It is a fact that steel was used by most of the ammunition factories for case production, either the entire case in the instance of metallic rounds, or case heads for shotgun shells, in 1944 and 21945. They were sold that way also in the very little commercial production that was going on. I don’t know off hand if Federal was doing any commercial production at all in that period, but if they were, the shotgun shells would probably be with steel heads. Honestly, off hand, I don’t recall if they were even doing military production.

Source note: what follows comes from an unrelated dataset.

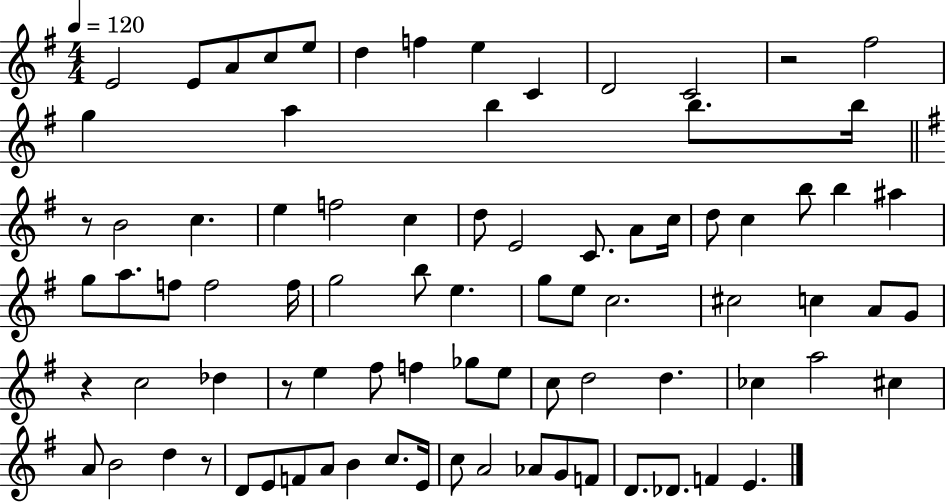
E4/h E4/e A4/e C5/e E5/e D5/q F5/q E5/q C4/q D4/h C4/h R/h F#5/h G5/q A5/q B5/q B5/e. B5/s R/e B4/h C5/q. E5/q F5/h C5/q D5/e E4/h C4/e. A4/e C5/s D5/e C5/q B5/e B5/q A#5/q G5/e A5/e. F5/e F5/h F5/s G5/h B5/e E5/q. G5/e E5/e C5/h. C#5/h C5/q A4/e G4/e R/q C5/h Db5/q R/e E5/q F#5/e F5/q Gb5/e E5/e C5/e D5/h D5/q. CES5/q A5/h C#5/q A4/e B4/h D5/q R/e D4/e E4/e F4/e A4/e B4/q C5/e. E4/s C5/e A4/h Ab4/e G4/e F4/e D4/e. Db4/e. F4/q E4/q.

Am drawing a blank on that for some reason.
Remington produced steel shotgun shells, according to their little wartime history, published by the Remington Arms Company in 1944, “In Abundance and on Time, 1939-1943.” “When conversion of small arms ammunition to steel was ugently desired by the Ordnance Department, Remington produced accepted cartridges in calibers .45, .30 and .50; also shot shells and experimental lots of caliber .22; also practically all types of bullet jackets. In all, more than 3-1/2 Billions rounds containing steel in place of brass were produced.” (Page 28 of the above cited reference).

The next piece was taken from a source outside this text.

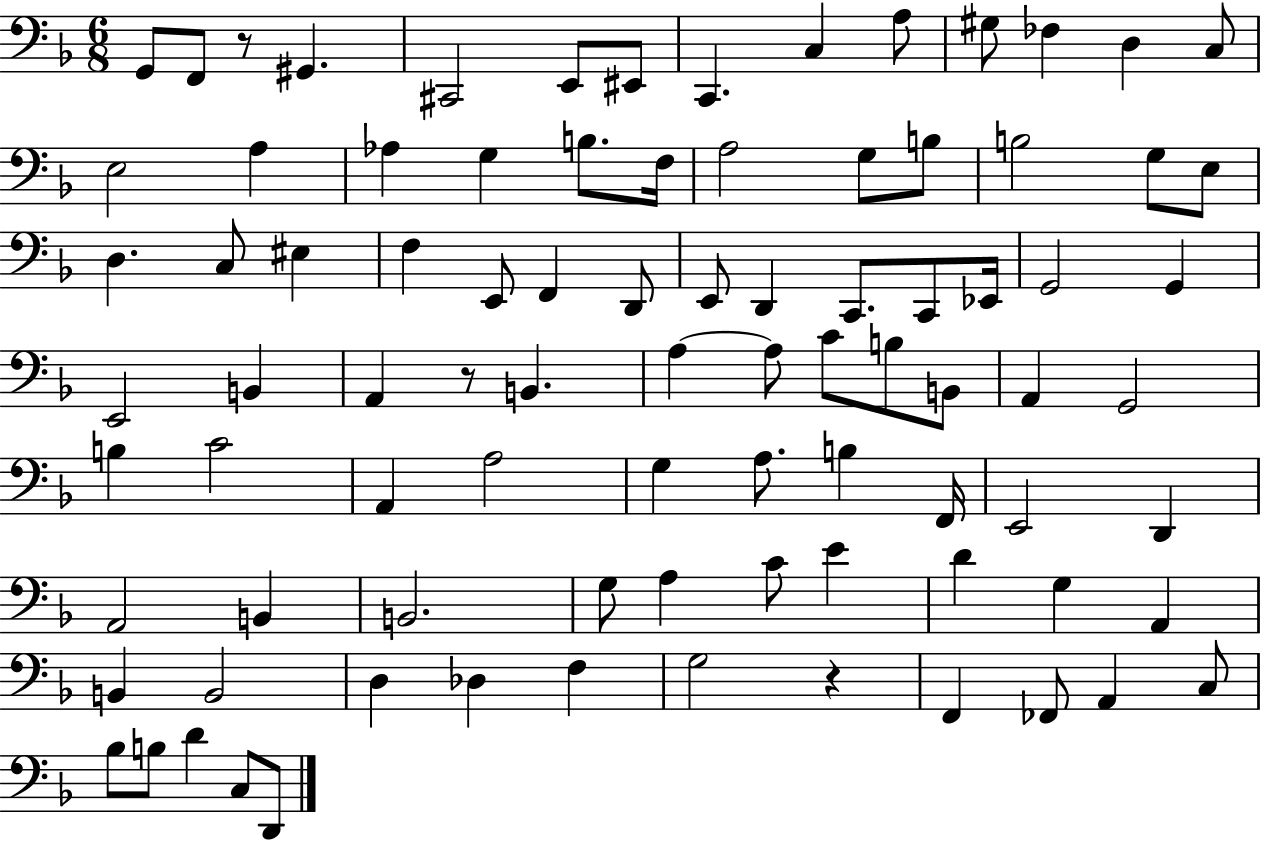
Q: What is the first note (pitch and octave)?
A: G2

The Bridgeport works alone proced 259,178,335 shotshells during the period covered by the history. The Peters Kings Mills plant produced 125,400,235 shot shells. Remington even made clay bird targets (166,259,325) and Traps (5,996) for the Government at their Findlay factory.
The U.S.Army Air Force found teaching aerial gunners to trap shoot in their basic training made them show a big improvement in aerial gunnery when they went on to machine guns. After a study of reasons for the high degree of accuracy among American fighter pilots and bomber gunners, the British decided to introduce shotgun shooting at flying targets in their marksmanship training, during the summer of 1943.
Well, I got off on a tangent I guess. Shotguns in the Service make for an interesting story, not just with the guns, but also the ammunition and training. Of course, I am sure that some of the above ammunition by Remington was 00 Buck made for guard guns, as well as probably for the USMC that used shotguns heavily in the island fighting, proven by many combat pictures showing them with all manner of “Trench Guns.”